Similaly, when asking the question, you should specify the units that you want to have the answer in, for example, "What is the change in infection rate in patients per 100?"

5. Jul 21, 2004

### lunchblaze

i agree that the language can make it unclear what is actually being asked.

do you think that the question

"given the two rates of becoming sick for these two groups, at what rate would we expect the whole population of patients to become sick were we to have given them all the special drug, as opposed to just 90 of them - 16% less than without the drug, or 41% less than without the drug?"

is still ambiguous enough to allow for both answers to be correct?

6. Jul 22, 2004

### NateTG

No, but it's hard to read.

7. Jul 22, 2004

### lunchblaze

given all that is known, if we give all anemia patients the drug next year, what's the best guess as to the rate they'll get the flu?

thanks.

8. Jul 24, 2004

### AKG

lunchblaze

In response to post #7, I think you know the answer to that to be 23%. As to your other question, whether both 16% and 41% are acceptable due to the amibguity of the question, I would say yes. Well, I'll tell you what I think, then you can judge:

If we have 10 apples, and you gain two more, then are asked what the "improvement" or increase in apples is, is it right to say that you gained, 2 apples? Is it right to say you gained 20 percent? If both of these are okay, then both 16% and 41% are okay. In the first example, the "units" were apples. In your example, the units are percentages themselves, which makes it strange, but not wrong. So as long as you'd accept 2 apples and 20%, I would think you should accept both 16% and 41%. In an answer to a school question, I might write both answers and explain what each one is (because the "units" are confusing). Of course, the 16% tells you the actual number of additional people in 100 that will not get sick due to the treatment, and the 41% tells you, as a ratio, how much better the treatment is compared to no treatment; it tells you that 41% of the people who would be sick will actually be healthy. In different ways, both numbers tell you the improvement, I suppose you simply have to be clear as to how you're measuring improvement (is it overall number of people that will not get sick, or is it the percentage of people that are healthy that would otherwise have been sick?)

9. Jul 28, 2004

### lunchblaze

true enough - the gain is 20%.

however, it's so simplified as to not really be applicable to my example. all it does is verify the procedure of arriving at "percent change in" by dividing the difference between the old number and the new number by the old number. this of course is obviously fine to do (same as my crime rate example showed).

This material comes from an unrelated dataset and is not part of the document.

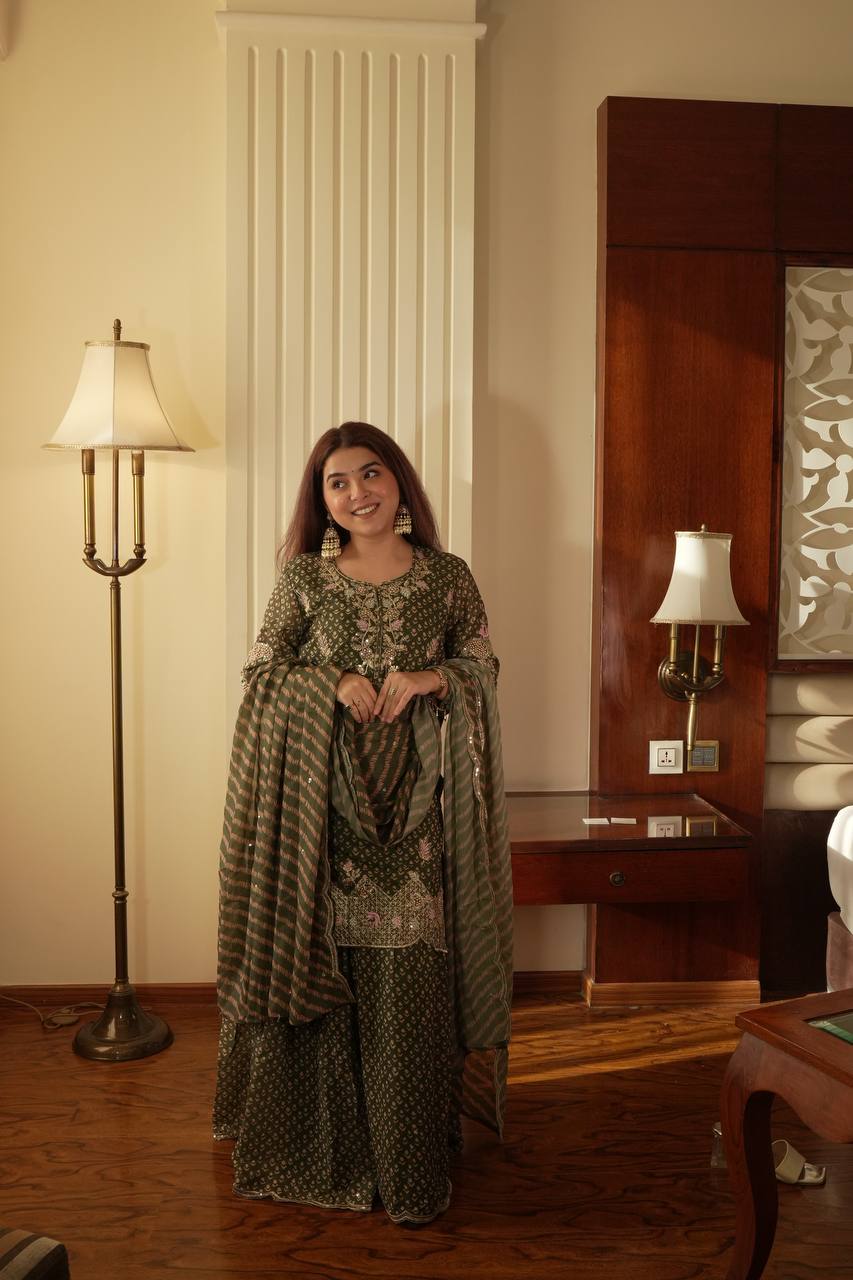 Mehndi printed chinon embroidery work kurti sharara and dupatta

the problem i think lies in the fact that in my example, a statement about the efficacy of the anti-flu drug needs to be made (perhaps i didn't make that clear in my OP sry) - i.e. - "if we spend the money to give everyone the drug next year, how much better will it be for patients?"

i think my problem with it is that one is a population and the other is a sample (pop = anemia pats, sample = anemia pats with drug) even if not random. it seems to me that statistics doesn't provide for sample traits being subtracted from population traits to arrive at some percentage of change (albeit a valid mathematical operation in and of itself) and suggest that the 41% number is useful to make inferences.

does this seem sound or am i confusing/being confused more? hehe.